## [Input material]
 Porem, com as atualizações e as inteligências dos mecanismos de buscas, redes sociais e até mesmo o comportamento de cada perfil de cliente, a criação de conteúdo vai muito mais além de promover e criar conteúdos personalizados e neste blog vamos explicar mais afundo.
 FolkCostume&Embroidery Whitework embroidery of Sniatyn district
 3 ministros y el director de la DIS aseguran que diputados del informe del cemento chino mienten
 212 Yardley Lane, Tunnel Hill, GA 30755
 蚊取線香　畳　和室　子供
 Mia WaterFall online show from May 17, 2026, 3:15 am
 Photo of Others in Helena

--

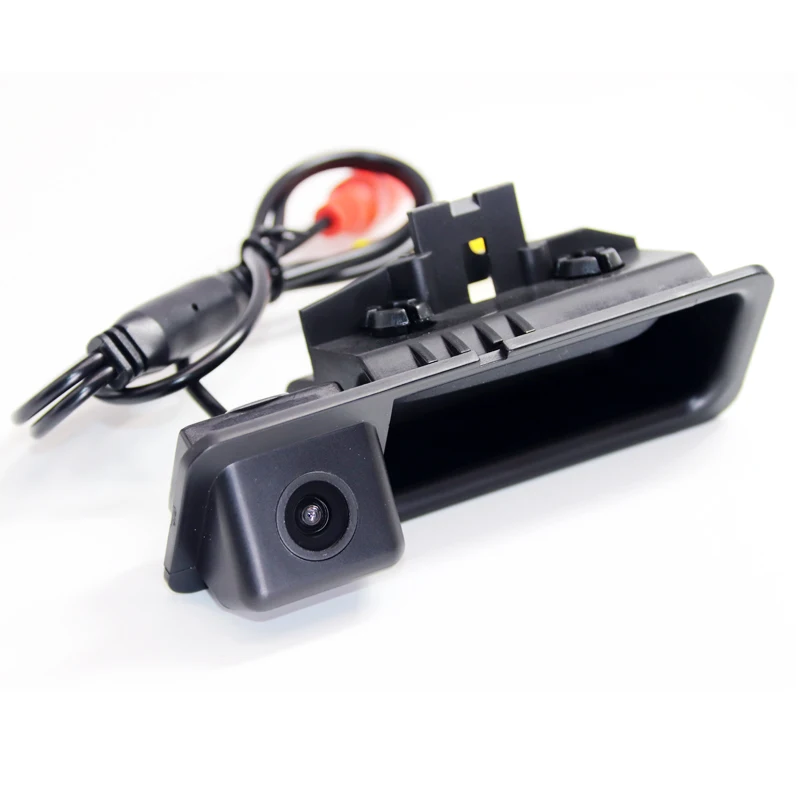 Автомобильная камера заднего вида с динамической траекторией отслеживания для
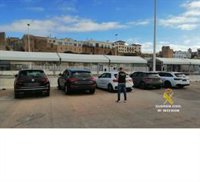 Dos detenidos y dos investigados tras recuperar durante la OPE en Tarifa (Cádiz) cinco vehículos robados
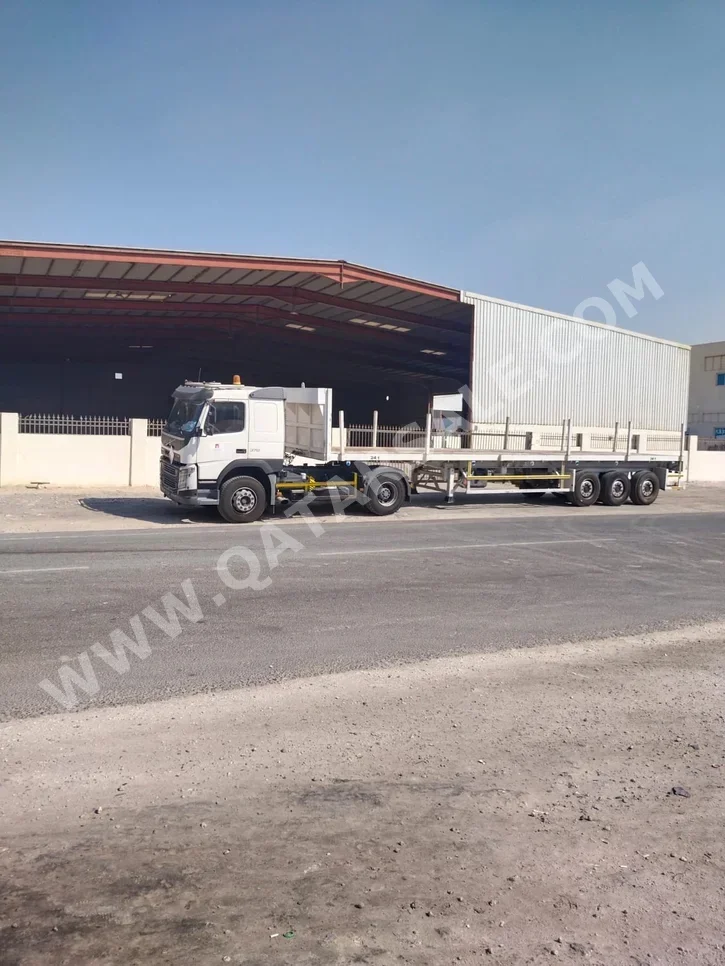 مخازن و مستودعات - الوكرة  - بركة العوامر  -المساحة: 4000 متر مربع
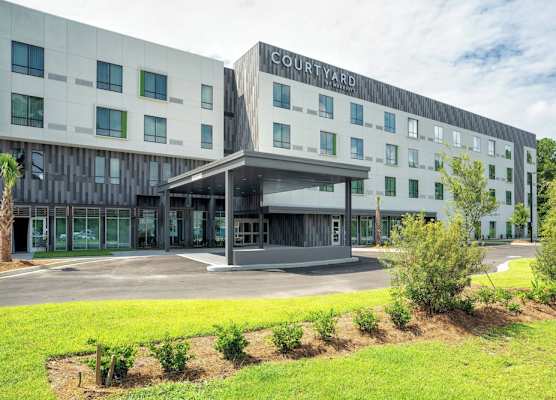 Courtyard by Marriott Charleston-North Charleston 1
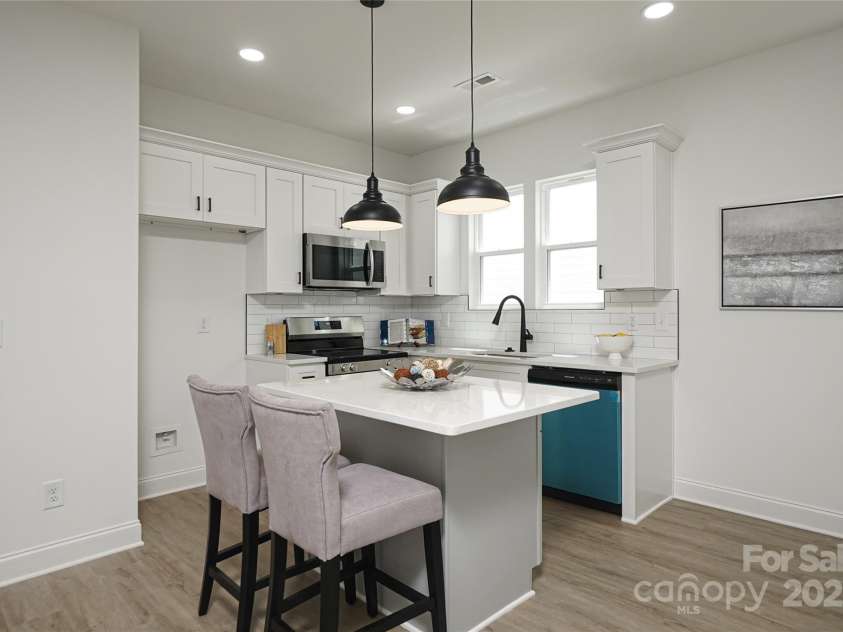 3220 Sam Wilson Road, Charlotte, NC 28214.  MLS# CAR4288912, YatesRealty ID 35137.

## [Exercise instructions]
Your answer should be the lines above, from the line containing "Porem, com as" up to and including the line containing "Photo of Others in Helena", reproduced exactly and with nothing else.

## [Exercise answer]
 Porem, com as atualizações e as inteligências dos mecanismos de buscas, redes sociais e até mesmo o comportamento de cada perfil de cliente, a criação de conteúdo vai muito mais além de promover e criar conteúdos personalizados e neste blog vamos explicar mais afundo.
 FolkCostume&Embroidery Whitework embroidery of Sniatyn district
 3 ministros y el director de la DIS aseguran que diputados del informe del cemento chino mienten
 212 Yardley Lane, Tunnel Hill, GA 30755
 蚊取線香　畳　和室　子供
 Mia WaterFall online show from May 17, 2026, 3:15 am
 Photo of Others in Helena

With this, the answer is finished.